In line with what was communicated in 2Q,
management completed its review of the Partnership's distribution
capacity on October 23. After a thorough review, the Partnership's
Board approved a quarterly distribution going forward of $0.4042
per unit, effective 3Q 2018. Based on the conservative assumptions
used for recontracting the Partnership believes that this level of
distribution, which represents a 30% cut, is sustainable for the
foreseeable future. Reflective of a vessel dry-dock during the
quarter and less than a full quarter's contribution from Hilli
Episeyo, but excluding the additional revenues recognized during 3Q
in respect of Golar Freeze's prior contract, 3Q distribution
coverage1 increased to 1.02, from 0.56 in 2Q.
As a result of the cut, annual cash
distributions to Golar in respect of its 31.8% interest in the
Partnership will be reduced by approximately $15.7 million. Scope
for improvement exists should the shipping market outperform
moderate positive expectations or should the FSRU Golar Spirit find
employment. There are also acquisition opportunities for the
Partnership including Hilli Episeyo Train 2, the FSRU Golar Nanook,
cash flows from the Sergipe project and a pipeline of potential
carriers and FSRUs available for long-term fixtures. These
opportunities are, however, to a large extent dependent on more
effectively priced Golar Partners equity or realization of a
flatter debt amortization profile that better reflects the economic
life of the Partnership's assets.
FLNG
FLNG Hilli Episeyo continues to operate with
100% commercial availability. Currently in the process of exporting
its 10th LNG cargo, the vessel's proof of concept continues to add
momentum to both existing and new opportunities under discussion.
Discussions also continue with field operator Perenco as to the
timing of utilization of Hilli Episeyo's excess capacity.
On July 12, Golar and affiliates of Keppel
Shipyard Limited and Black and Veatch closed the sale of 50% of the
common units in Golar Hilli LLC to the Partnership.
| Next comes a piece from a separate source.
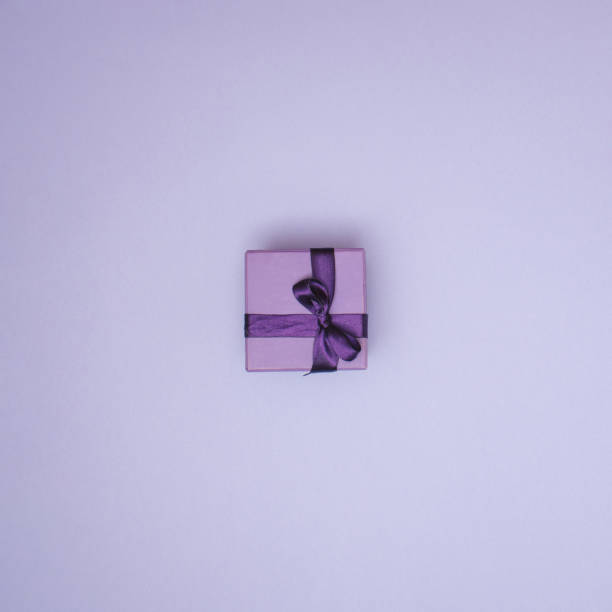 Purple gift box with ribbon on pastel purple background with copy space. Creative realistic minimal gift for Birthday or Holiday season. Present for special person or occasion.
Although Golar
continues to consolidate Golar Hilli LLC, after this transaction,
net of non-controlling interests, Golar is entitled to 44.6% of
cash flows from the initially contracted toll fee under the
liquefaction tolling agreement, 89.1% of the Brent oil linked cash
flows and 86.9% of any future cash flows from the vessel's
expansion capacity. Annual cash generation to Golar based on
current Brent Crude prices of $73bbl is expected to amount to
approximately $40 million.
FEED work for the provision of a FLNG vessel to
service the BP operated Greater Tortue/Ahmeyim project offshore
Mauritania and Senegal has made significant progress and is in its
final stages. BP has previously communicated to their shareholders
that they expect to take FID on the project before the end of 2018.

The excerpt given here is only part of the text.